To prevent data leakage between repositories, we utilize Pinecone Namespaces. Each repository is assigned a unique namespace derived from its GitHub path.

Query Filtering: namespace: "zumerlab-zumerbox"
Security: No user can query code outside of their current repository context.

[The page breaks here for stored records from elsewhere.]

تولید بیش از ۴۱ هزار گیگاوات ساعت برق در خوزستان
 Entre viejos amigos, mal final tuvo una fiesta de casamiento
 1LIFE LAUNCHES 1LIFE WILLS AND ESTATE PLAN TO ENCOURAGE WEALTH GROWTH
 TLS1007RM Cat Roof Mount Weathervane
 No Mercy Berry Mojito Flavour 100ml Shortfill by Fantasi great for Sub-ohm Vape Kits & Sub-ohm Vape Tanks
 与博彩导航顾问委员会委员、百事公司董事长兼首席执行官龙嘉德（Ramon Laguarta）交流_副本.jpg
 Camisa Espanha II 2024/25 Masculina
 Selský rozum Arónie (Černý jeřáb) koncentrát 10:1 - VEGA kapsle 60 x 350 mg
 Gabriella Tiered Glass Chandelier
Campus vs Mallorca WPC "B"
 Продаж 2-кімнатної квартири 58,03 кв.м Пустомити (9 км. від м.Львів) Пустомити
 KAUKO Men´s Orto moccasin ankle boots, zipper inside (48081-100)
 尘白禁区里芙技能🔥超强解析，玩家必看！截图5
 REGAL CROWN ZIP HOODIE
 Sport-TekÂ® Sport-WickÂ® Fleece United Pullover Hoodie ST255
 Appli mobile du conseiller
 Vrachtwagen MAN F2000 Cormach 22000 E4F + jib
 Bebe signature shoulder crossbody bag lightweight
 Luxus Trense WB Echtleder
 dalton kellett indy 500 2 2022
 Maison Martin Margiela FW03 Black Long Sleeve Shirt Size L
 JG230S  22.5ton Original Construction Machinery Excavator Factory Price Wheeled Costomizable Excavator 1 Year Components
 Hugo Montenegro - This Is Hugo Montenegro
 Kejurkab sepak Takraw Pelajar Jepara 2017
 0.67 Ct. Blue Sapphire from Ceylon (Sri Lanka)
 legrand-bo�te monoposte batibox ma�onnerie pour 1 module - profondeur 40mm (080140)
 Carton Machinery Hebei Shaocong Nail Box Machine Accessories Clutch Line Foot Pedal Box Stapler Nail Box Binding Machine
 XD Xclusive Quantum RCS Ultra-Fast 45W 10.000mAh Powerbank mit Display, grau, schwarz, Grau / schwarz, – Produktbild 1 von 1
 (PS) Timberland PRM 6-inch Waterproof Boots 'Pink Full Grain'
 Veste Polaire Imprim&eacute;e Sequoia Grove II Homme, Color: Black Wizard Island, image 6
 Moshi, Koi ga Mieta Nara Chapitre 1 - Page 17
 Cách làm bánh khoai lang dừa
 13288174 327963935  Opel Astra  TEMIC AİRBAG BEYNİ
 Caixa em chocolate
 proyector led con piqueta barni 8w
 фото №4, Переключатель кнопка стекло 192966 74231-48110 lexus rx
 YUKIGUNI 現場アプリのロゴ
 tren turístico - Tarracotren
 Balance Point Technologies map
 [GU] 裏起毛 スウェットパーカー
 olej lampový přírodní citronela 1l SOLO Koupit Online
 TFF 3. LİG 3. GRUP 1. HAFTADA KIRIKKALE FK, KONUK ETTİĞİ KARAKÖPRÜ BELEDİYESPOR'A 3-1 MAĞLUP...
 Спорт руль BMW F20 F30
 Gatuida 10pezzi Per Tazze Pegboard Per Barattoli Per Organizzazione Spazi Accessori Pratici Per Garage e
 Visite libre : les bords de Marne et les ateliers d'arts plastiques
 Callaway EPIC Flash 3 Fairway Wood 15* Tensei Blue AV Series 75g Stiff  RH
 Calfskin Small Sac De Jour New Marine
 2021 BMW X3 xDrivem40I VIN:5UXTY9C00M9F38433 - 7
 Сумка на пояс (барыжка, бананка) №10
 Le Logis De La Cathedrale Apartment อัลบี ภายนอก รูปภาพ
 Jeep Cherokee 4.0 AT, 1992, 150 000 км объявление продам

🚀 Data Flow: The Lifecycle of a Query

Input: User types: "Where is the database connection initialized?"
Vectorization: The query is converted into a 1024-dim vector using AWS Bedrock.
Retrieval: Pinecone identifies the Top-5 most relevant code chunks within that specific repo's namespace.
Augmentation: The system builds a prompt: > "System: You are an expert. Context: [Snippet 1], [Snippet 2]. Question: Where is the database...?"
Generation: Titan Express synthesizes the context and generates a markdown-formatted answer.

Lovable UI

Pinecone UI

⚙️ Engineering Setup

Environment Prerequisites

AWS Bedrock Model Access: Ensure amazon.titan-text-express-v1 and amazon.titan-embed-text-v2:0 are enabled.
Pinecone Index: 1024 dimensions, Cosine metric.

Pinecone Index Setup
Create a new index in Pinecone Console
Set dimensions to 1024 (Titan Embed v2 output)
Use cosine similarity metric
Note the index URL for configuration

AWS Bedrock Setup

Enable Amazon Bedrock in your AWS account
Request access to: preferred model (Chat)
Create IAM credentials with Bedrock access

Development Prerequisites

Node.js 18+ and npm (Used Lovable for building UI)
Supabase project (or Lovable Cloud)

Edge Function Secrets

supabase secrets set AWS_ACCESS_KEY_ID=xxx
supabase secrets set AWS_SECRET_ACCESS_KEY=xxx
supabase secrets set PINECONE_API_KEY=xxx
supabase secrets set PINECONE_INDEX_URL=https://your-index.svc.pinecone.io

🔐 Security Standards

JWT-Locked APIs: All Edge Functions require a valid Supabase Auth header.
Secret Management: Zero hardcoded keys. No client-side exposure.
Rate Limiting: Implemented at the Edge Function layer to protect AWS Bedrock quotas.